A new report states that it could take as little as 31 years before a majority of humankind is destroyed by climate change. The report, What Lies Beneath – The Understatement of Existential Climate Risk, is by Breakthrough National Centre for Climate Restoration (BNCCR), an independent think-tank working on climate emergency in Australia. This report is based on existing data such as the UN’s IPCC report and uses and collates such peer-reviewed material to understand the limitations and realities of current climate-change discourse. It does not produce new research but focuses on translating existing science into action and risk assessments.
The report states that the target pursued by the Paris Agreement of limiting global temperature increase to below 2 °C is inadequate and even if such voluntary emission reductions are implemented, it will result in a temperature increase of 3.4 °C by 2100, and this is without taking into account the long-term carbon-cycle feedbacks. When such feedback is considered, warming may go up to 5 °C – deadly for the entire planet and sure to wipe out most humans, at a minimum. Even 3 °C of warming already constitutes an existential risk to life on Earth.
If the planet were to warm up by 3 °C, most of Bangladesh and Florida would drown and major coastal cities such as Mumbai, Shanghai and Lagos would be swamped. This would create a refugee crisis of a scale the world has never witnessed. Food production would decrease dramatically and the number of extreme weather events will increase.
The report quotes studies by prominent scientists that the predictions made by organisations such as IPCC are ‘erring on the side of least drama’ and downplaying the worst possible outcomes. The conservative prediction of climate-change effects may make sense from a reticent, scientific point of view, but fail to accurately communicate the risks and dangers of global warming which, to date, continue unchecked.

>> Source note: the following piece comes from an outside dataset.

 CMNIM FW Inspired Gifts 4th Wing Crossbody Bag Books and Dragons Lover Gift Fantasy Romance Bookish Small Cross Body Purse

It also finds that current climate-change reports have failed to make risks assessments in a balanced manner, often underplaying high-end possibilities and even underestimating their likelihood. These are the scenarios whose consequences will be catastrophic for humans and human civilisation, not to mention the damaging effects on other living beings and the planet’s entire ecosystem. The report asserts that it is important to understand the potential of the worst scenario and plan for it. One of the reasons for this oversight is that reports like the ones produced by IPCC are driven by consensus.
BNCCR’s findings assert that IPCC estimates of climate sensitivity (the amount by which the global average temperature will rise due to a doubling of the atmospheric GHG level, at equilibrium) in climate models do not adequately consider long-term feedbacks, resulting in flawed reporting. Over century time-scales, amplifying feedbacks may ultimately contribute 28″68 per cent of total warming when they are 1″7 per cent of current warming.
As the report states, today the world emits 50 per cent more CO2 for its energy needs than it did 25 years ago. Humanity now requires the biophysical capacity of 1.7 Earths annually as it keeps consuming natural capital. As the authors put it, ‘A fast, emergency-scale transition to a post-fossil fuel world is absolutely necessary to address climate change. But this is excluded from consideration by policymakers because it is considered to be too disruptive.’